2. A step-by-step review;
3. Writing your project.

General Information

It’s necessary to begin with an overview of the main sections that should be present on a laboratory report for chemistry.

Mind that sometimes these sections are called differently but have the same purpose. Some of the sections may be missing, but the general structure should be close to this. Everything depends on the educational institution.

It is important to know that usually lab reports are written after the lab session is finished. This means that you need to have everything previously recorded in your lab notebook. You are supposed to keep track of everything you do in the lab in your laboratory notebook, and then using that notebook to write down your lab report, not the other way around.

Reviewing Every Step

Now, we’d like to go through the main stages of a chemistry lab report. It’s necessary to add brief comments concerning each of them. Your laboratory report begins with a title page. You already know what it consists of. Let’s check how to compose it correctly. The information must be presented on the upper right-hand side of the page. All the points (the title, your name, collaborators, etc.) should be mentioned on the separate line.

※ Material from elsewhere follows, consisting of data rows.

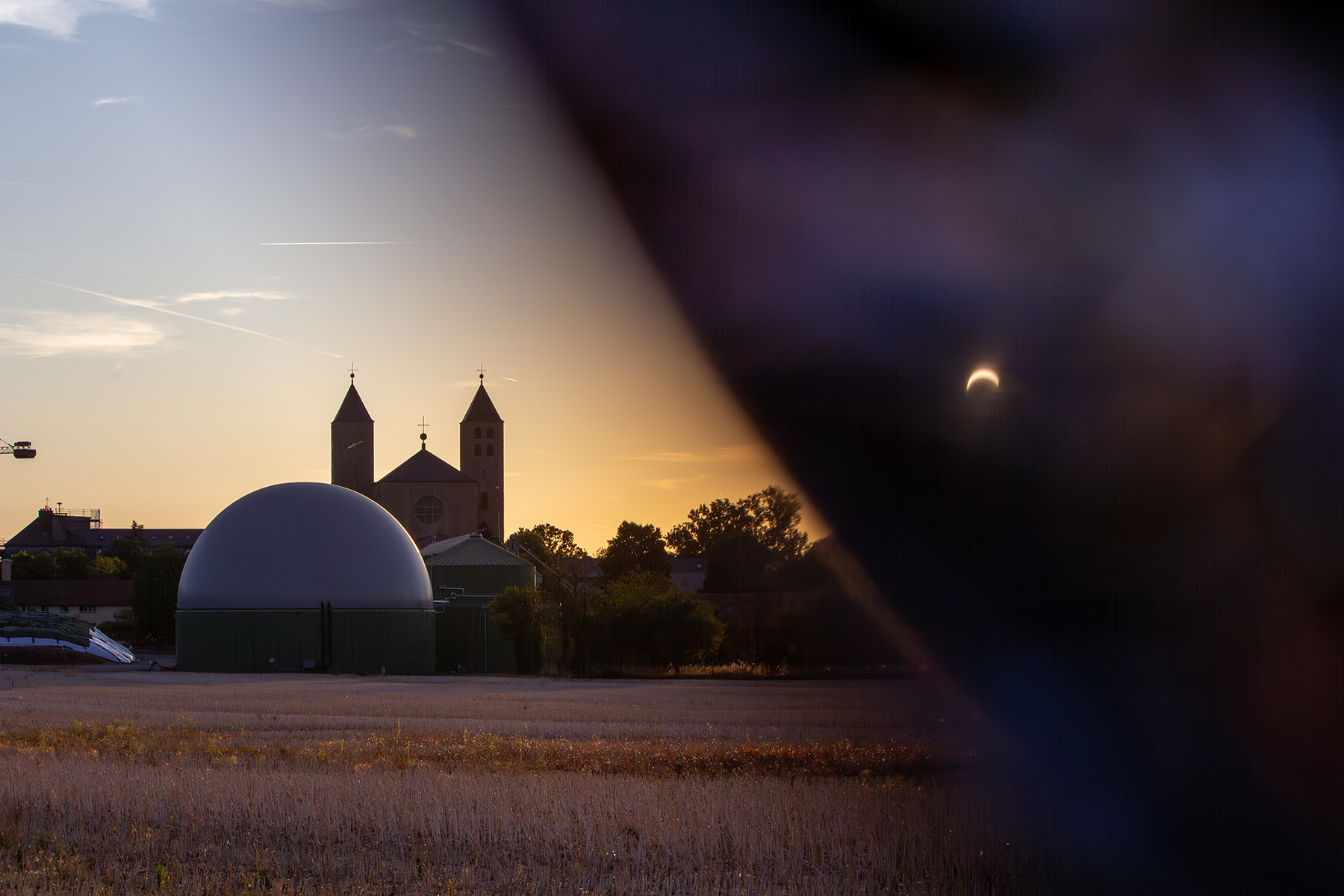 Abteikirche im Abendhimmel, auf der rechten Seite schwarze Fläche mit Umriss der Sonne
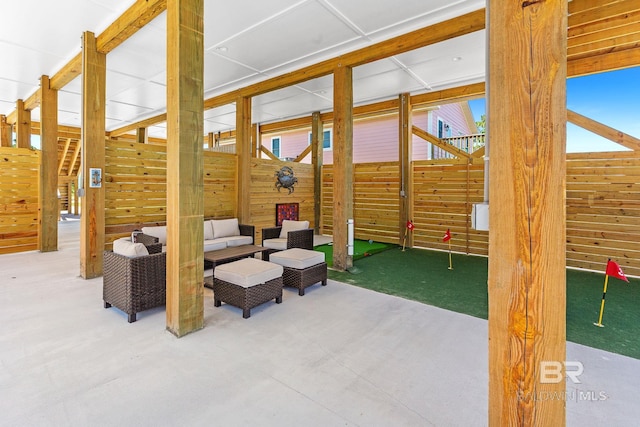 566 Boykin Ct N, Gulf Shores, AL 36542 - view of patio / terrace with an area to practice putting and an outdoor hangout area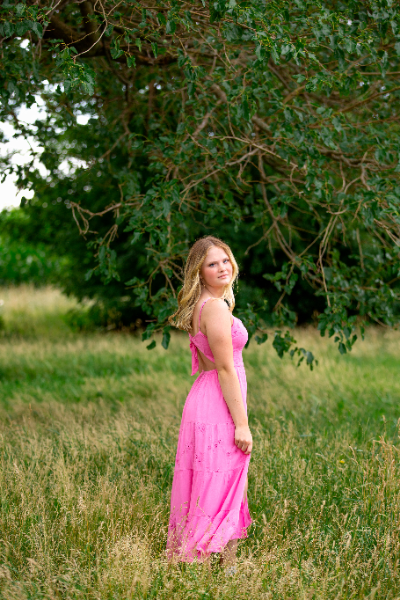 A young woman in a pink dress stands gracefully in a vibrant green field, embodying beauty and serenity.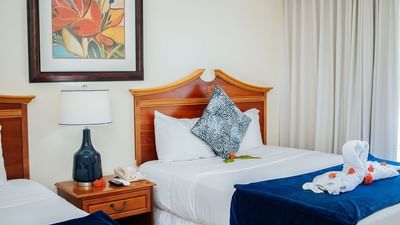 Standard Room Double featuring two beds with blue linens, a floral artwork, & a bedside table at Bay Gardens Inn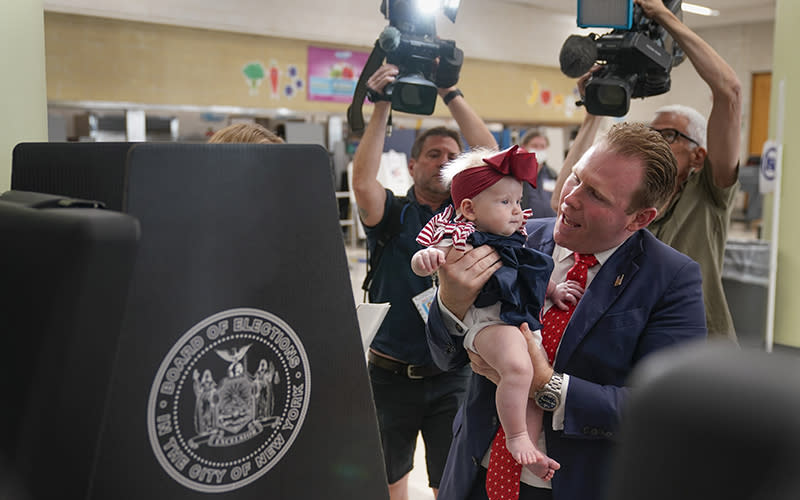 New York Republican gubernatorial candidate Andrew Giuliani kisses his daughter
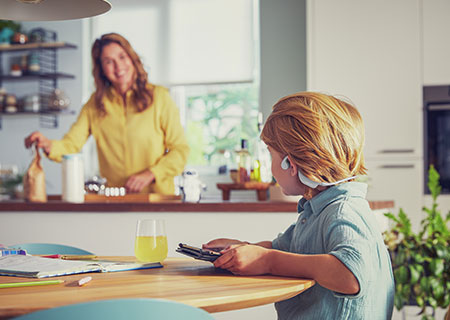 Gar&ccedil;on portant un casque pour enfants Philips open-ear sans fil et regardant une vid&eacute;o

Afterward comes the second part, which includes:

• The course title
• Title of the experiment
• Title of the parts within the experiment
• Semester, year, etc. (optional)

This data appears in the middle of the title page.

The next section is the Introduction and it begins with this word in the left upper corner of your report. It should consist of no more than a couple of paragraphs and end with at least one hypothesis.

The body of your project consists of the procedure, materials and methods employed; data; results and observations.  The section Procedure commonly consists of several steps that were followed for the proper conduction of the experiment(s). They could be divided in different parts, and those would describe your actions.

The section Data contains the numerical facts and Observations that provide the changes that took place. Afterwards, you move to the Discussions, in which you ought to plainly explain all the numbers, observations and collected data. Your conclusions provide an overall summary of the entire lab report, and the whole experimental session itself.

Writing a Chemistry Lab Report

The last lap in our “race” is to write a laboratory report. We have already mentioned the main constituents of the title page. Therefore, we can hit the text of your project. Your abstract appears soon after the title page. An abstract is a quick summary that sums up the whole thing (hypothesis to be proven, and conclusions that are reached). Nonetheless, you should leave some space and skip it until the entire project is finished. It is recommended to write the abstract last. The main point is that this section provides a brief review of what your lab report is about and what you’ve managed to achieve.

Main Sections

The introductory part tells your readers what to expect from the project. Write a couple o paragraphs and explain the purpose of your experiment. Including references here is also highly encouraged. The last sentence of your introduction is called a hypothesis or a thesis statement. It shows what you hope to achieve at the end of your research.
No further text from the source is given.